Intel Looks Like a Value Trap But There Are Positive Developments
Intel Corporation (NASDAQ:INTC) is beginning to produce evidence that its focus on the Artificial Intelligence (AI) segment is paying dividends and reducing its dependence on the slowing PC segment.
After witnessing the growth of other chip companies in high demand areas, Intel, armed with its $18.0 billion in cash, has aggressively turned its sights on driving growth.
Yet the transformation process, while showing encouraging signs, will take time to execute and convince the stock market that Intel is no longer the same company.
Intel reported beating expectations in its second-quarter revenues and earnings. The takeaway from the quarter was not the surprise PC chips business, but the fact that Intel delivered a nine percent jump in its data center business and a 26% surge in its Internet of Things (IoT) business.
Both businesses are being targeted by Intel as focus growth areas. The IoT segment, which includes AI and autonomous vehicles, only accounted for about 4.87% of total revenues, but it’s on the right path.
And with the acquisition of Mobileye NV (NYSE:MBLY) just completed, the IoT unit should be able to generate big gains in revenues going forward.
The key unit to monitor going forward will be Intel’s newly formed Artificial Intelligence Products Group (AIPG), which is a merger of Altera Corporation, Nervana Systems, Xeon, and Xeon Phi.
The reality is the market is yet to be convinced that Intel is not the same old boring PC chip business. INTC stock gained less than one percent on the second-quarter results.
Also Read: 3 Reasons Intel Stock Could Grow in 2017
For traders, the fact that INTC stock has yet to react is a buying opportunity on the longer-term potential for a complete and successful transition to the new business model.
Intel stock has traded in a narrow range of $33.23 and $38.45 over the past 52-weeks.
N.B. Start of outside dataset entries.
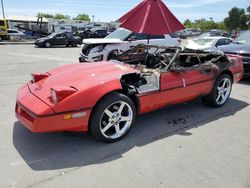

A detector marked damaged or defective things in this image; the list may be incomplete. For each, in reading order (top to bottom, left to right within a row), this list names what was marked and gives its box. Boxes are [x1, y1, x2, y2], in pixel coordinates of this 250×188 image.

damaged red sports car [15, 45, 242, 142] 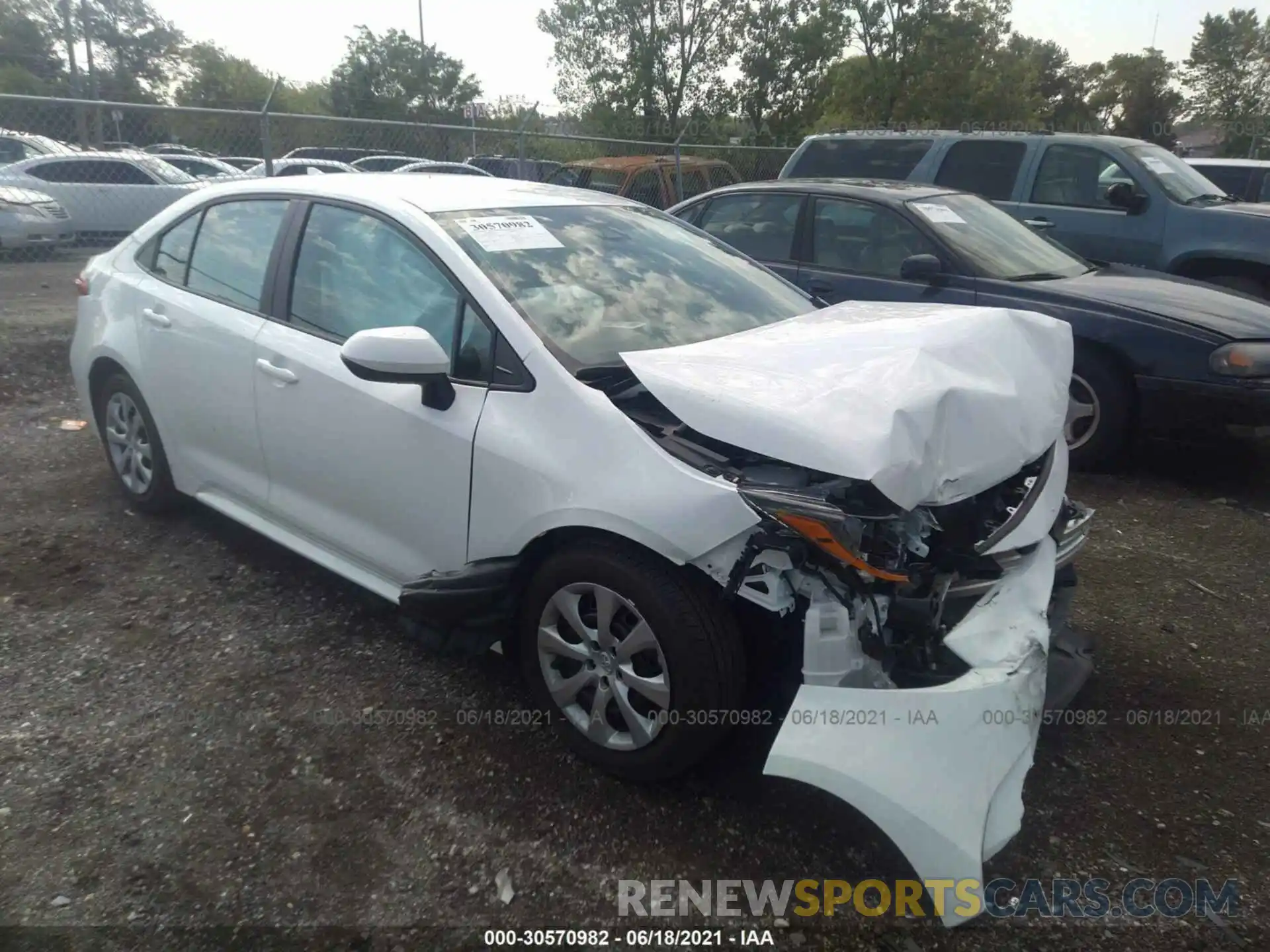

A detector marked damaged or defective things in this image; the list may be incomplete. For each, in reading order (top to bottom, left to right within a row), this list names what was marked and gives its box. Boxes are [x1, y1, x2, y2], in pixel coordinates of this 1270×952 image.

crumpled hood [619, 303, 1077, 515]
damaged front end [589, 360, 1097, 929]
damaged fender [757, 538, 1056, 924]
detached bumper cover [762, 540, 1051, 929] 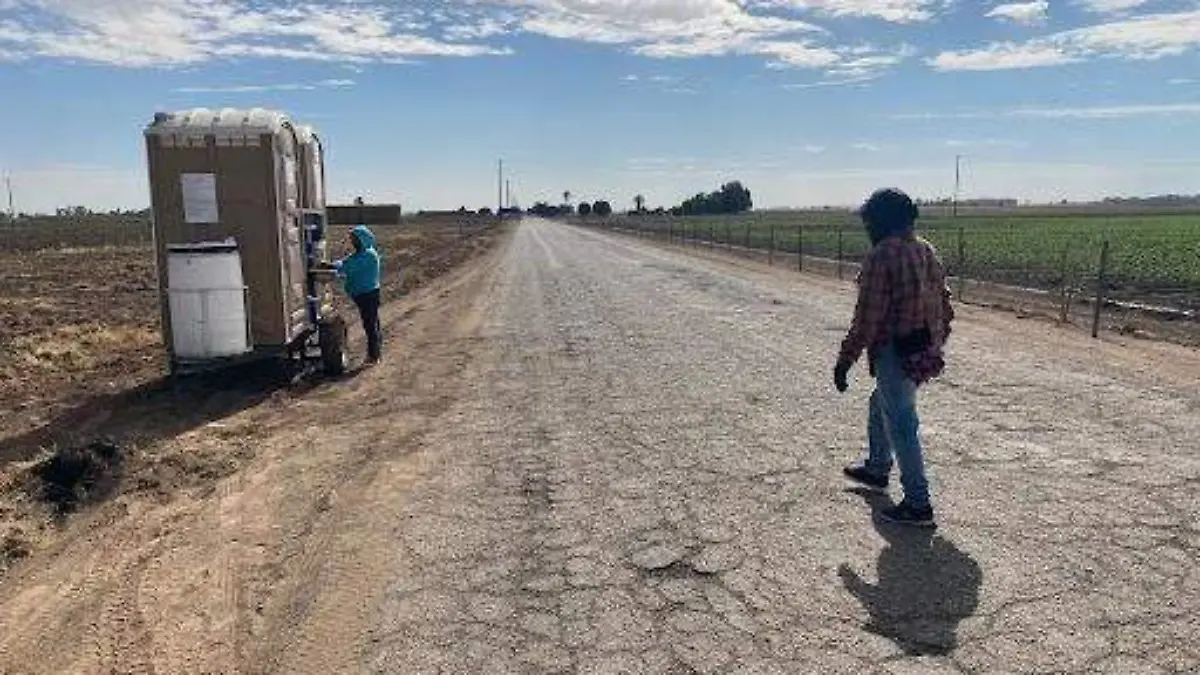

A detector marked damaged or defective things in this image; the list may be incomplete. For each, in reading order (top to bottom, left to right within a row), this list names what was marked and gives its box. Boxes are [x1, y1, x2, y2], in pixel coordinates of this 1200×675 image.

cracked road surface [360, 218, 1195, 667] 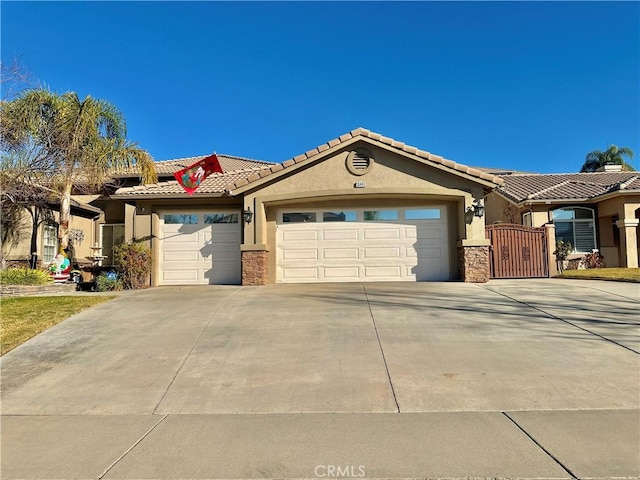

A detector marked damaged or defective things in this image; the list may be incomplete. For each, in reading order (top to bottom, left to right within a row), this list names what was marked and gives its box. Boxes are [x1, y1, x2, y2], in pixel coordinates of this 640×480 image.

driveway crack line [152, 284, 242, 412]
driveway crack line [360, 284, 400, 412]
driveway crack line [482, 284, 636, 356]
driveway crack line [97, 414, 168, 478]
driveway crack line [502, 410, 576, 478]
INTC stock is down 2.8% year-to-date and up a mere 1.4% over the past year.
Chart courtesy of StockCharts.com
What INTC Stock Needs to Do
Now some would argue that Intel doesn’t yet deserve a higher multiple than the 11.88-times 2018 earnings.
On the surface, Intel looks like a value trap unless it can ramp up its AI and IoT segments.
Simply look at the weak comparative growth rates versus the much faster growing Advanced Micro Devices, Inc. (NASDAQ:AMD) and NVIDIA Corporation (NASDAQ:NVDA) shown in the table.
The relative revenue growth rates favor AMD and NVIDIA at this time, but the second-quarter showed some encouraging signs for those who believe Intel can play catch-up.
If Intel can continue to grow its AI and IoT business, including developing much faster processing chips that can cater to the increasing demands of these areas, then there is a good chance that INTC stock can rise in conjunction.
On the Intel stock chart, a sustained break at the $38.00 resistance could drive Intel stock to above $40.00 and establish a higher trading range.
Only time will tell, but I’m cautiously optimistic.